**PROBLEM:** Exclude the pictures, and otherwise reproduce the data in full.

(Beginning of GIVEN ENTRIES)

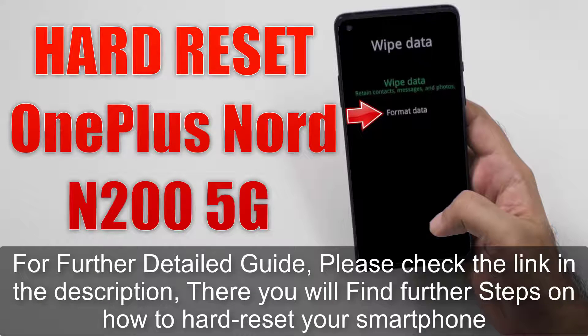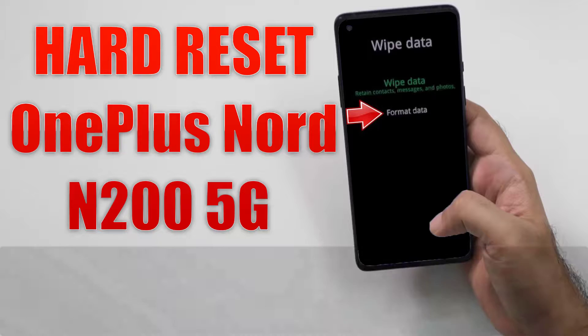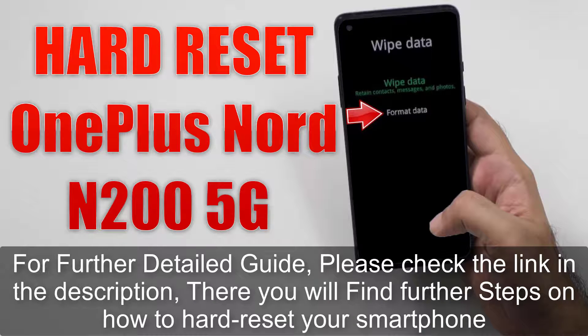For a further detailed guide, please check the link in the description — there you will find further steps on how to hard reset your smartphone.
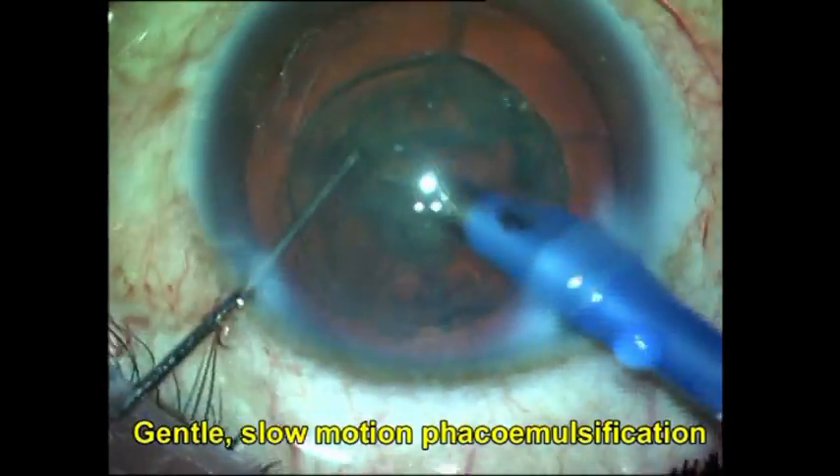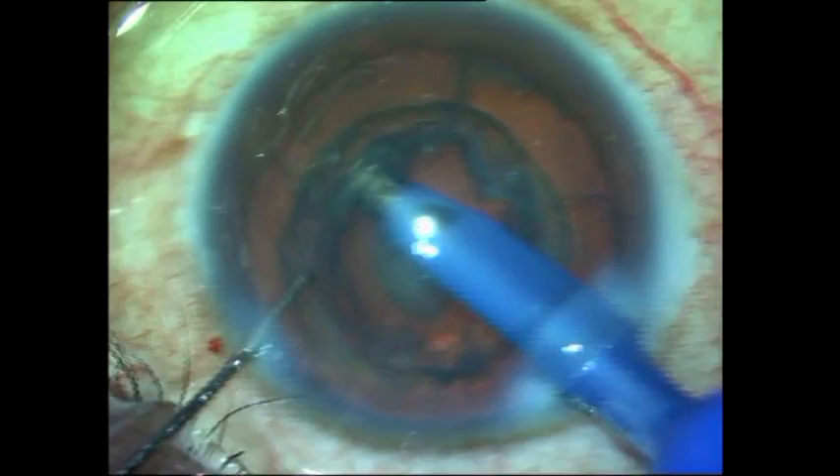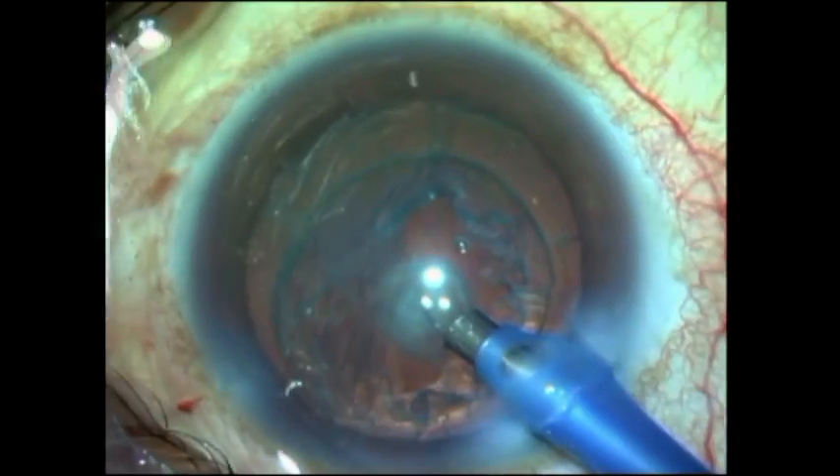Once you've done this, the other important thing to notice is to avoid chamber fluctuations, and therefore before withdrawing the phaco probe you always inject viscoelastic.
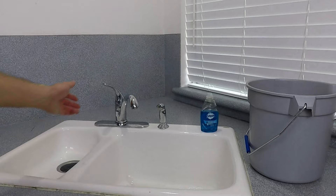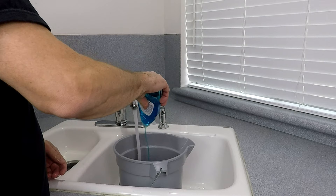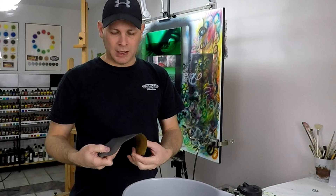It all starts with water. I'll fill up a bucket with some water and add a little bit of Dawn dish soap. The dish soap helps to keep your sandpaper clean and keeps it from getting gummed up with the clear that you're sanding off the vehicle. The way this process works now is I only use one grit of sandpaper — I only have to sand the vehicle one time. I'm using 1,000 grit, and it's a good idea to allow your sandpaper to soak in the soapy water for about 10 to 15 minutes before you get started.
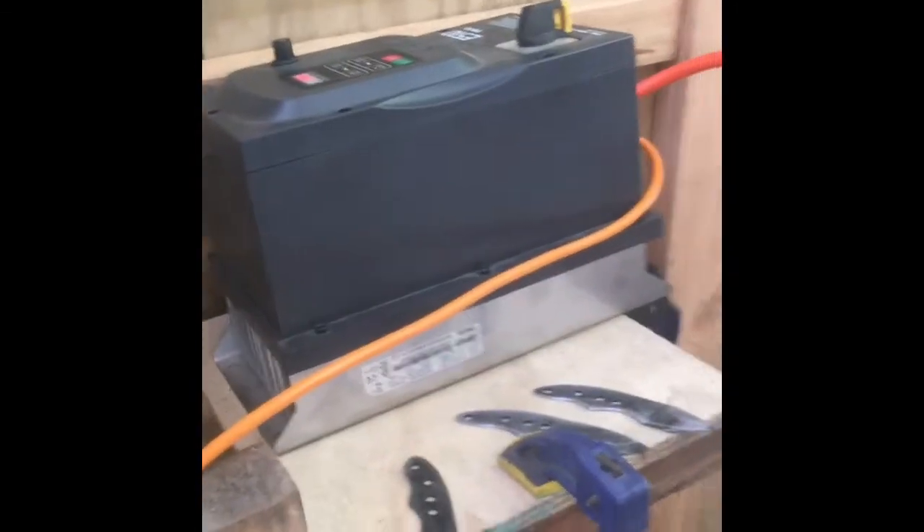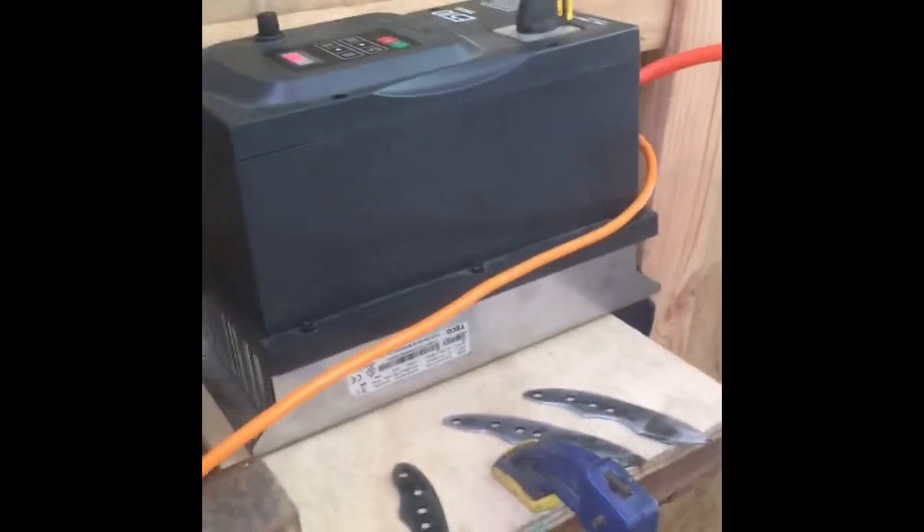Over here we've got a drill press, a little bandsaw, and a little bit of space to work. Building up another little shelf here for sanding, and over here a little variable grinder, and over here some belts and a plunge bucket. It's teeny.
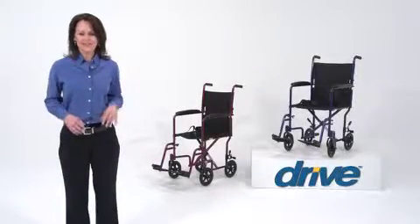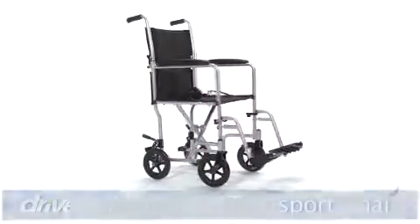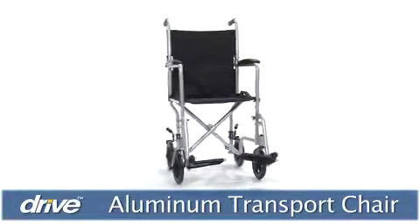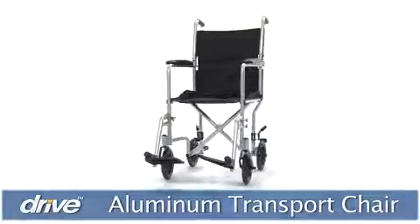Special outings and everyday activities with friends and family are part of life's great pleasures. Drive Medical's aluminum transport chair gives people with limited mobility a comfortable, convenient, and affordable way to go anywhere with the help of a companion or loved one.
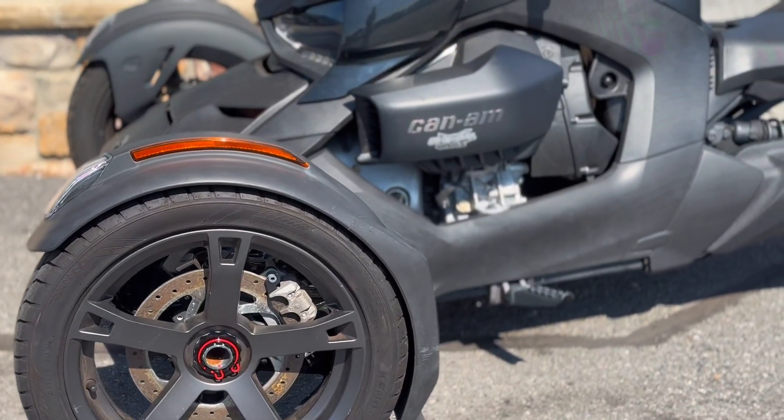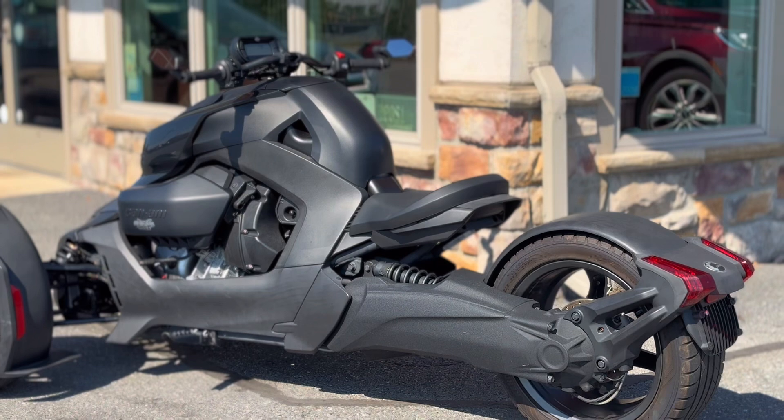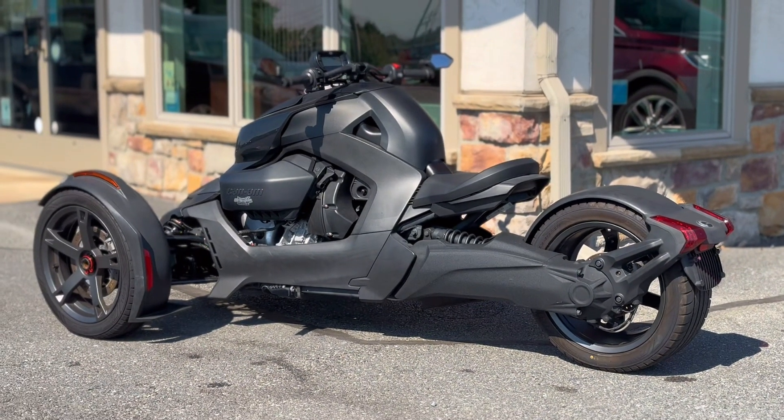Welcome back to Rocky Ridge Auto. Today I will be showing you this 2022 K&M Riker and how to start it. This Riker 900 is crazy easy to use. Let me show you how.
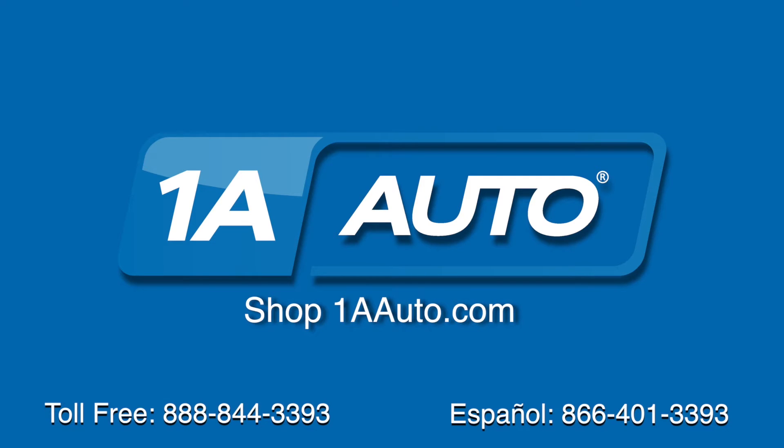Brought to you by 1AAuto.com, your source for quality parts and the best service on the internet. Hi, I'm Mike from 1A Auto. I hope this how-to video helps you out, and next time you need parts for your vehicle, think of 1AAuto.com. Thanks.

(End of GIVEN ENTRIES)

**ANSWER:**
For a further detailed guide, please check the link in the description — there you will find further steps on how to hard reset your smartphone.
Once you've done this, the other important thing to notice is to avoid chamber fluctuations, and therefore before withdrawing the phaco probe you always inject viscoelastic.
It all starts with water. I'll fill up a bucket with some water and add a little bit of Dawn dish soap. The dish soap helps to keep your sandpaper clean and keeps it from getting gummed up with the clear that you're sanding off the vehicle. The way this process works now is I only use one grit of sandpaper — I only have to sand the vehicle one time. I'm using 1,000 grit, and it's a good idea to allow your sandpaper to soak in the soapy water for about 10 to 15 minutes before you get started.
Over here we've got a drill press, a little bandsaw, and a little bit of space to work. Building up another little shelf here for sanding, and over here a little variable grinder, and over here some belts and a plunge bucket. It's teeny.
Special outings and everyday activities with friends and family are part of life's great pleasures. Drive Medical's aluminum transport chair gives people with limited mobility a comfortable, convenient, and affordable way to go anywhere with the help of a companion or loved one.
Welcome back to Rocky Ridge Auto. Today I will be showing you this 2022 K&M Riker and how to start it. This Riker 900 is crazy easy to use. Let me show you how.
Brought to you by 1AAuto.com, your source for quality parts and the best service on the internet. Hi, I'm Mike from 1A Auto. I hope this how-to video helps you out, and next time you need parts for your vehicle, think of 1AAuto.com. Thanks.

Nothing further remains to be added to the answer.